Sunday, September 20, 2009

All's Well That Ends Well

ALL’S WELL doesn’t end well for CWRU MFA program

Last season Case Western Reserve’s MFA Acting Program presented a fine production of ‘AUTOBAHN.’ This season they undertook Shakespeare’s ‘ALL’S WELL THAT ENDS WELL.’ Unfortunately, the results were not as positive an experience.

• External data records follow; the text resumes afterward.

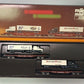 Marklin 82340 Z Scale Flatcar with Tractor Trailers (Set of 2) LN/Box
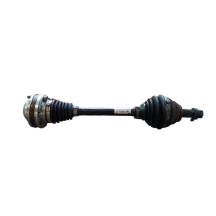 Cardan gauche (transmission) VOLKSWAGEN GOLF 5 Photo n°4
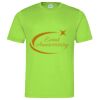 Cool T Sports Shirt Thumbnail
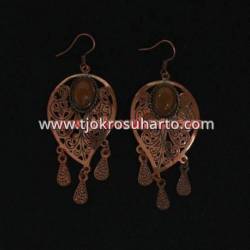 Anting Tembaga Batu (17) SRE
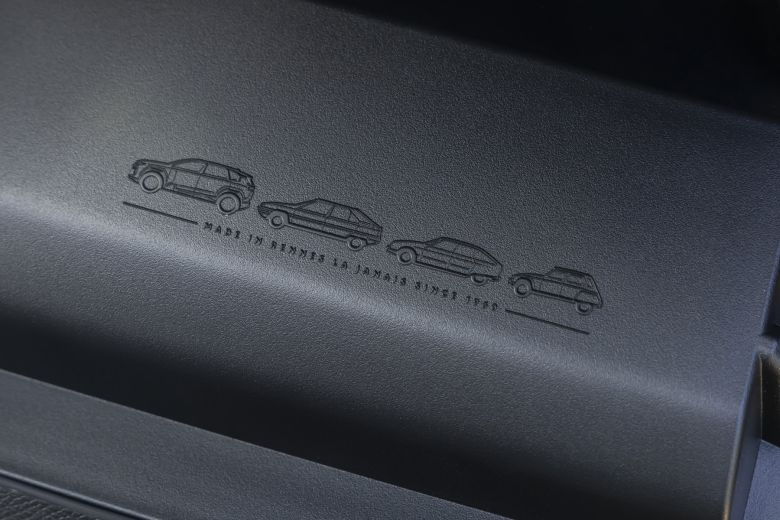 Essai Citroën C5 Aircross 2025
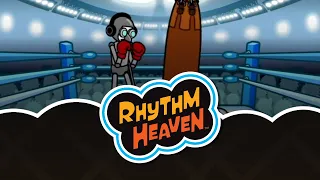 Rhythm Heaven Custom Remix: - Pumped Up Kicks [by Foster The People]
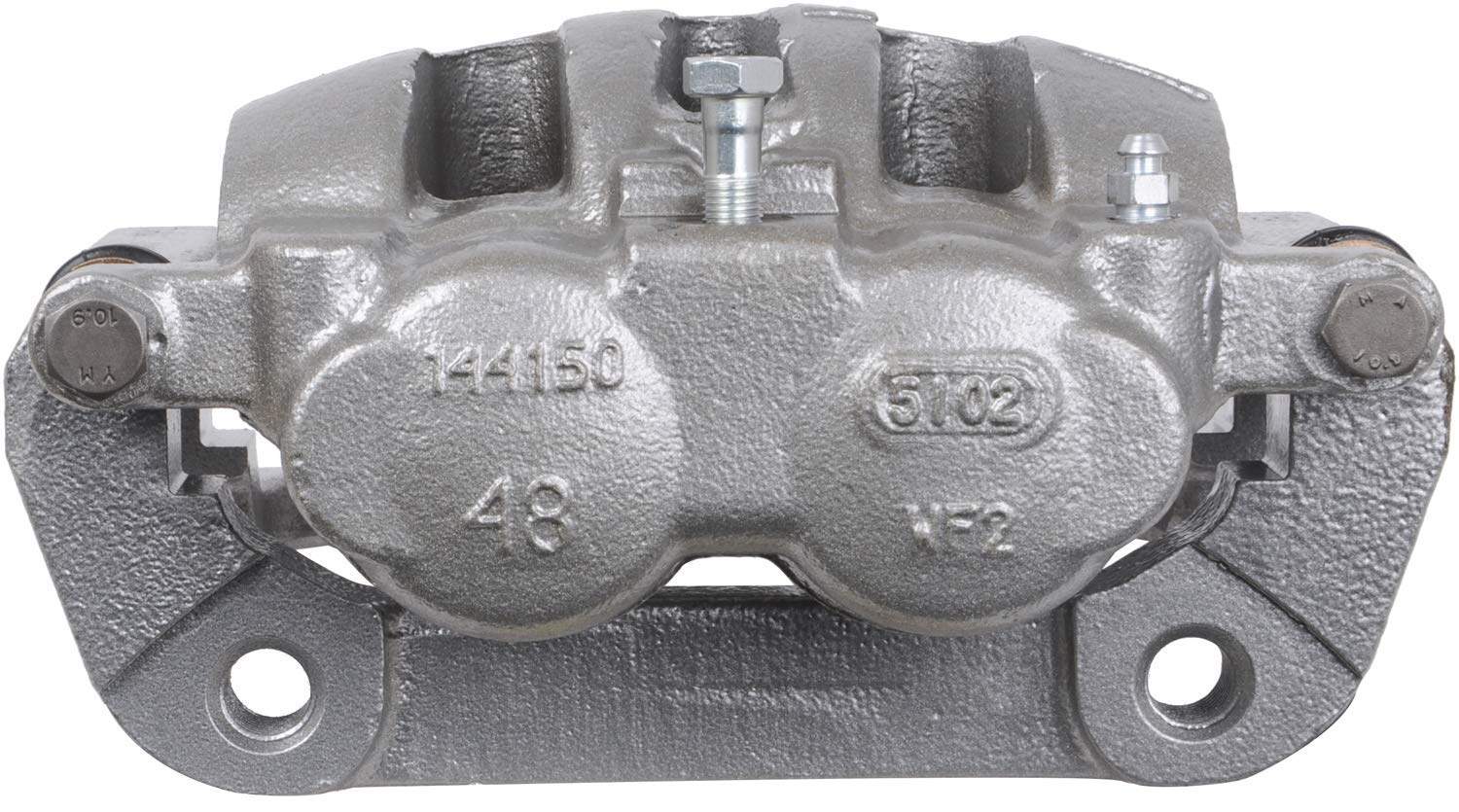 Caliper de Freno Goodyear GY5472A | Trasero del Lado del - Imagen 7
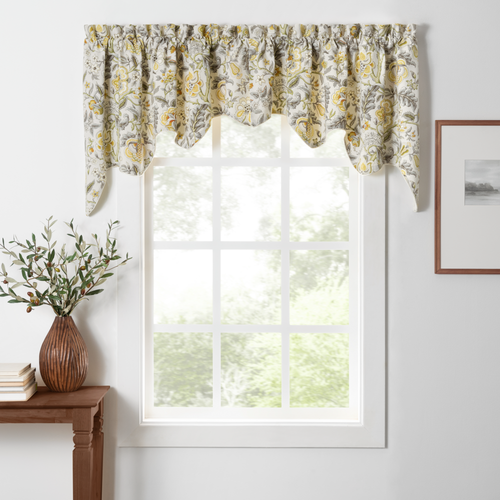 REGENCY - DUCHESS VALANCE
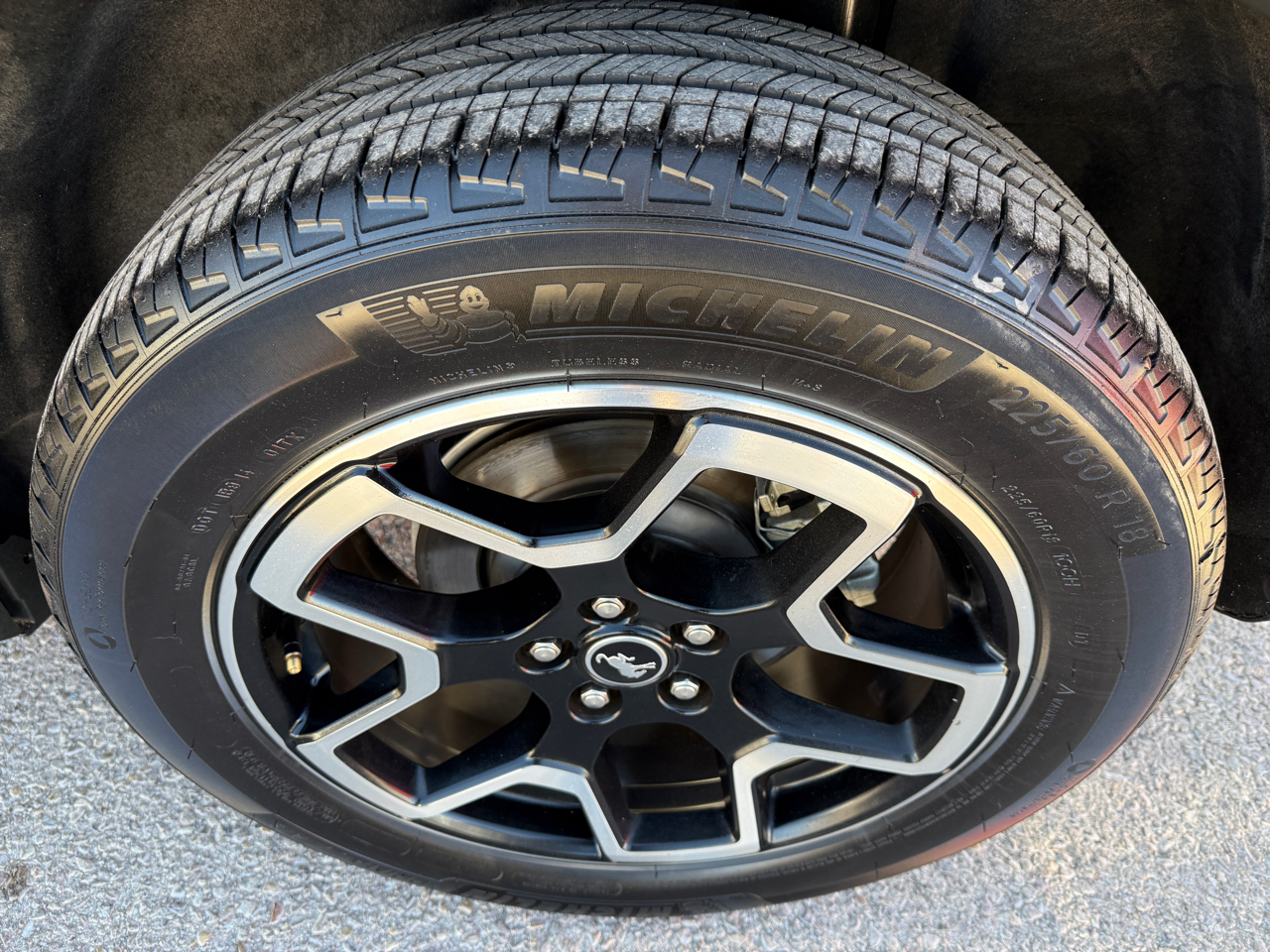 Ford Bronco Sport Big Bend 4x4 2022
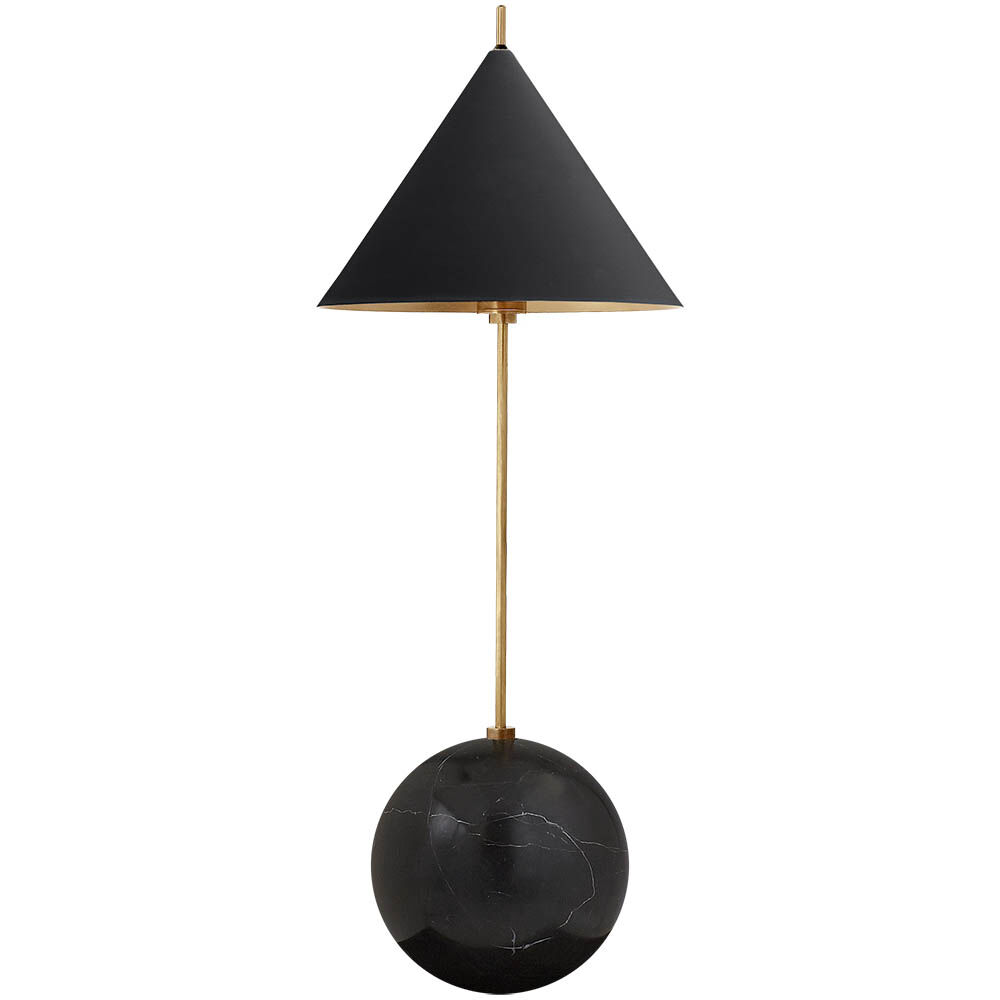 Cleo Accent Lamp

The plot concerns Hellen, a lowborn beauty, who serves in the household of the Countess of Rousillion. Hellen is secretly in love with Bertram, the Countess’s son. Bertram goes off to serve the king, who is terminally ill with a peptic ulcer. Helena’s late father, a physician, has left her his potions. Hellen goes to the King, gives him a drug which cures him and gets, in return, her choice of marrying any male in the King’s court. Of course, she chooses Bertram, who under pressure reluctantly marries her, but before the marriage is consummated he runs off to Italy supposedly to fight in a war. While in Italy, he writes Hellen that, "When thou canst get the ring upon my finger, which never shall come off, and show me a child begotten of thy body that I am father to, then call me husband." That message causes great angst, plot twists result, and eventually everything is resolved as supposedly, all’s well that ends well.

There is no evidence that ‘ALL'S WELL’ was popular in Shakespeare's own lifetime. It has remained one of his lesser-known plays, in part due to its odd mixture of fairy tale logic, supposed realism and its chauvinistic attitude.

Hellen's love for the seemingly unlovable Bertram is difficult to explain. With the right production, however, one in which Bertram, at the start appears to be naïve, and, in the end apologetically comes to his senses, it might be fathomable. That’s exactly what happened in the fine Canadian Shakespeare Festival’s production I saw several seasons ago. But, unfortunately, that is not the tack taken by either director Geoff Bullen nor Tom Picasso, who plays Bertram. The scowling Picasso introduces Bertram as a bully, ends him as a bully, and that is one of the reasons this production stumbles.

It appears, in spite of an impressive resume, that Bullen isn’t sure where the script should go. There is farce, comedy, melodrama inconsistently all mixed into one. Even the music he selected as backup is often off-putting, especially the melodramatic inserts.

As for the cast, Leigh Williams, who was so wonderful in ‘AUTOBAHN,’ seems awash in the role of Hellen. The same for Tom White, who also stood out in last season’s production. His King is right on the surface, showing no depth of characterization. Picasso spends most of the play displaying exaggerated facial expressions and making little sense of his lines. On the other hand, Catherine Albers (a widow who befriends Hellen) and Sarah Nedwek (her daughter) are excellent.

Jeffrey Van Curtis’s costumes and Jill Davis’s set designs are era right and effective.

CAPSULE JUDGMENT: A combination of poor directing, some misguided acting and producing one of Shakespeare’s weakest plays resulted in a CWRU MFA Acting Company production that was less than a satisfying experience.